Given recent headlines about cloud music, you might be forgiven for thinking that the feature is huge with consumers.
Word came Monday that Apple has finally caught up to Google and Amazon and begun to stream songs from the company’s cloud. The following day, CNET broke news that Amazon is very close to reaching agreements with the top four record companies that would let it run a licensed cloud music service. Music industry sources also told CNET that Google and the labels continue to discuss cloud licenses.
Interesting news. Now here’s the reality: Consumer adoption of cloud music has been lackluster, multiple music industry insiders tell me. The cloud has not yet led to a spike in interest or music sales, the sources told CNET. Data from The NPD Group supports that conclusion, said Russ Crupnick, the research’s company’s senior vice president and industry analyst.
“Despite the hullabaloo about cloud music, it hasn’t gotten traction yet,” Crupnick said, “I looked at our latest numbers and unreleased data, and only about 6 percent of the Internet population has even used something like [cloud music].”
That data suggests that music listeners are happy with the options they have now. Crupnick suspects that few people own enough music to max out their local storage, which would fuel the desire to store film and music libraries remotely. Representatives from Apple and Amazon did not respond to interview requests and Google declined to comment.
So why are the big music stores bothering to upgrade their music clouds?
One reason may be the iPod. Apple and the company’s iconic digital music player proved music is a powerful driver of hardware sales. People want to listen to their jams on their mobile devices. Apple didn’t care if the company’s margins on song sales were thin. All the money was in selling iPods. Music has been a vital part of digital devices ever since. Keep in mind that in addition to being the Web’s top retailer, Amazon is now very much a hardware maker.

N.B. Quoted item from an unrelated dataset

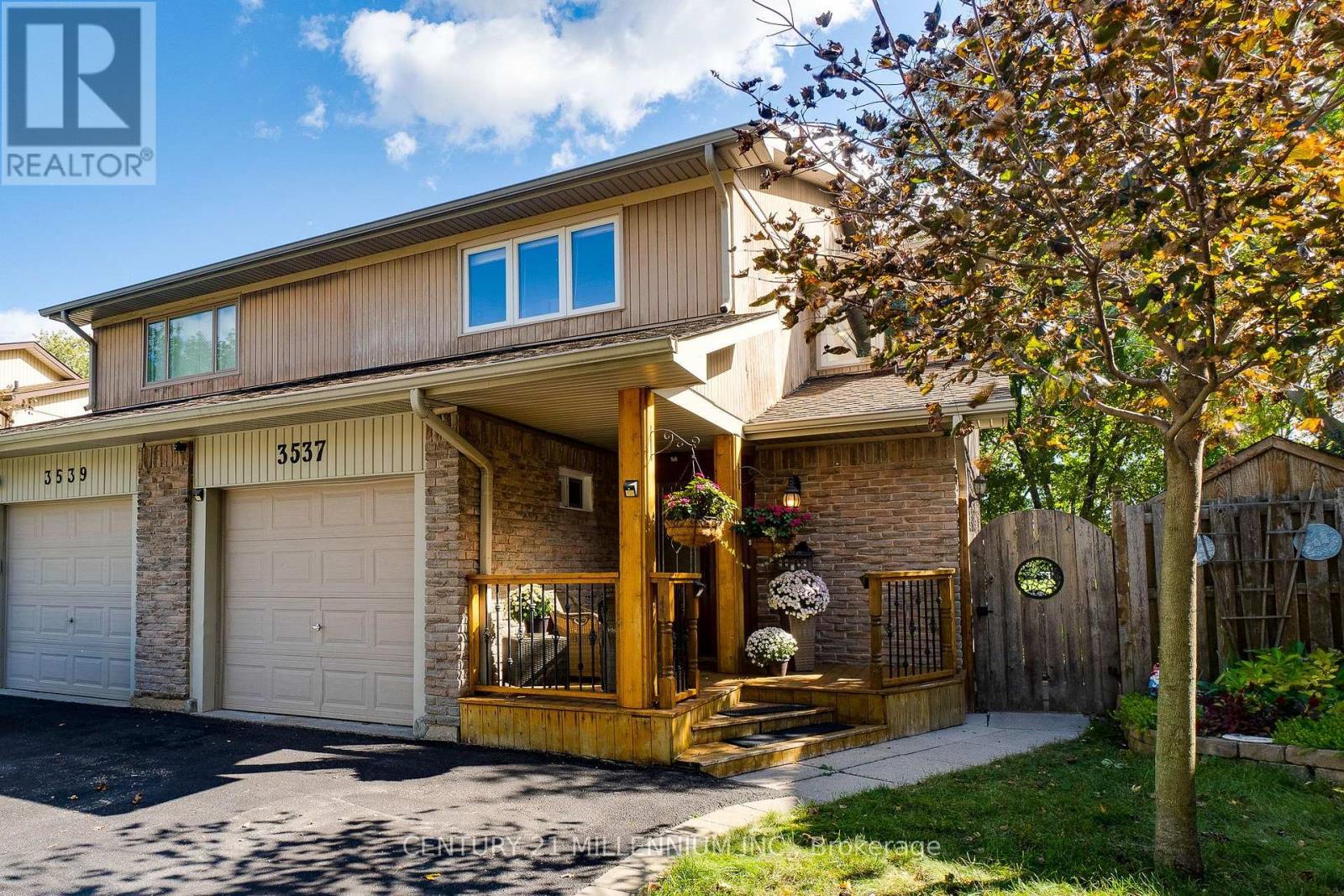 3537 Autumnleaf Crescent, Mississauga, Ontario L5L 1K6 - Photo 1 - W14083362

The “cloud,” of course, is the term used to describe where digital stuff “lives” when consumers store their files on a third party’s servers rather than on their own PC or mobile device. While this type of data storage is old to techies, it is still relatively new to mainstream America. Heck, among the big three music stores, the cloud feature is barely a year old.
Amazon was first to launch cloud music with the initially unlicensed Cloud Drive and Cloud Player. Google later offered its own an unlicensed cloud-music service. Apple’s system was the first to debut fully licensed.

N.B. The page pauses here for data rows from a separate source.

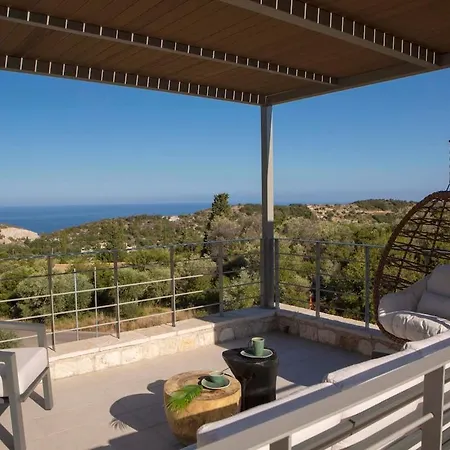 Villa Hyades B A Premier Luxury Getaway Near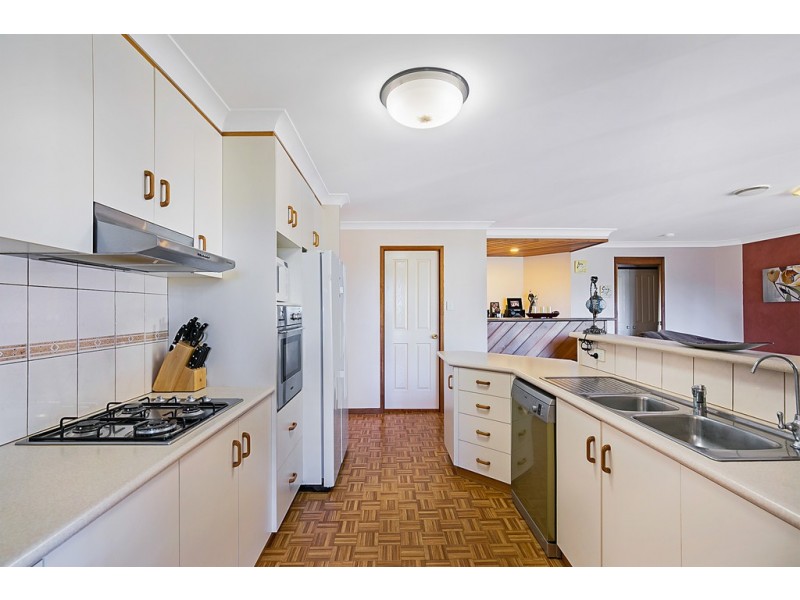 490 West Street, Kearneys Spring QLD 4350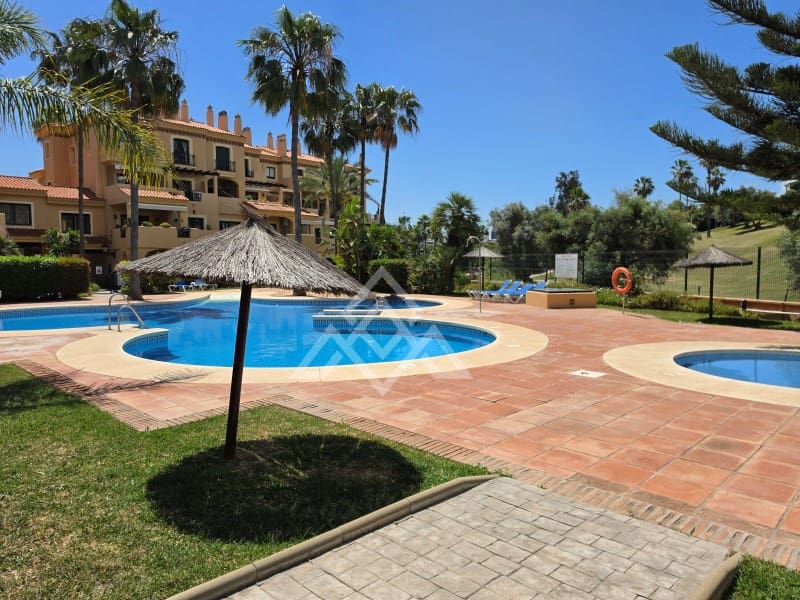 3 soveværelse Penthouse til salg i La Duquesa / Puerto de la Duquesa med garage - € 335.000 (Ref: 9825051)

The benefits of a licensed service didn’t appear to be that compelling — at least at first. The one thing Apple could offer that Google and Amazon couldn’t was a feature called “scan and match.” Apple could scan a user’s hard drive and fill their digital lockers with songs from the iTunes library — eliminating the need for users to upload their songs directly to the company’s servers. That also prevented Apple from having to store a billion copies of “When the Levee Breaks.”
Delivering a single copy of a song to millions of users without a license is a copyright violation, according to the record companies.

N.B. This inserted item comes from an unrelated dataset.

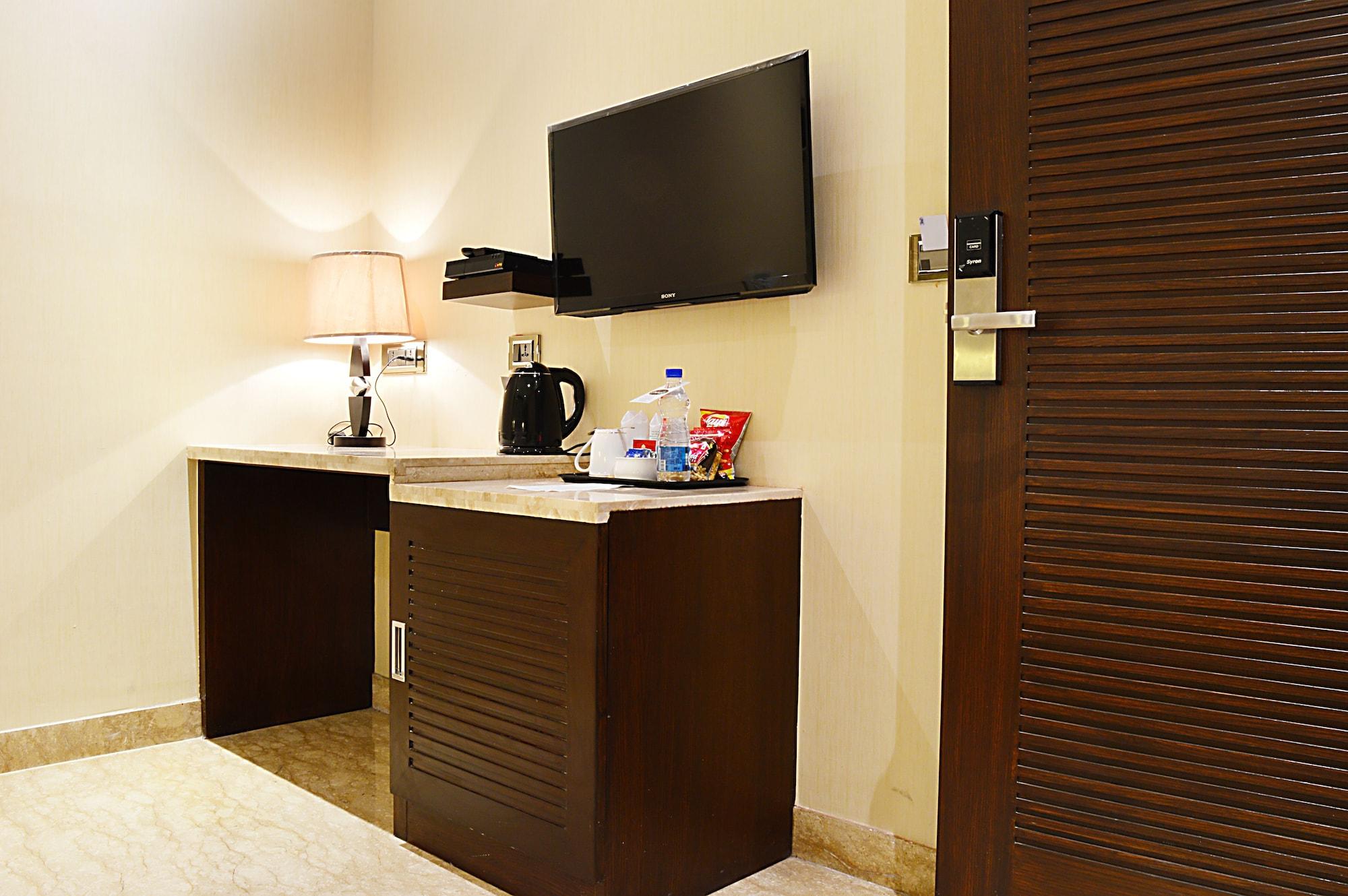 Hotel Emperor Palms New Delhi Exterior photo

Apple offers free cloud storage for songs purchased from iTunes but charges $25 a year to upload songs purchased from other stores, acquired from friends or from illegal peer-to-peer sites. One insider said Apple got a great deal from the labels with Match. The company can give pirated music clemency for about $2 a month.
Maybe. While Apple has ballyhooed the growth of iCloud (the service has acquired 125 million users in the first six months since launch), the company has been silent about how many people are paying for Match.
Obviously, Amazon feels the need to match iCloud’s Match. According to music sources, Amazon will charge for at least part of its version of Match.
At this point, it looks like an arms race. Apple has Match so Amazon has to offer it. Whether consumers will eventually care one way or the other is anybody’s guess.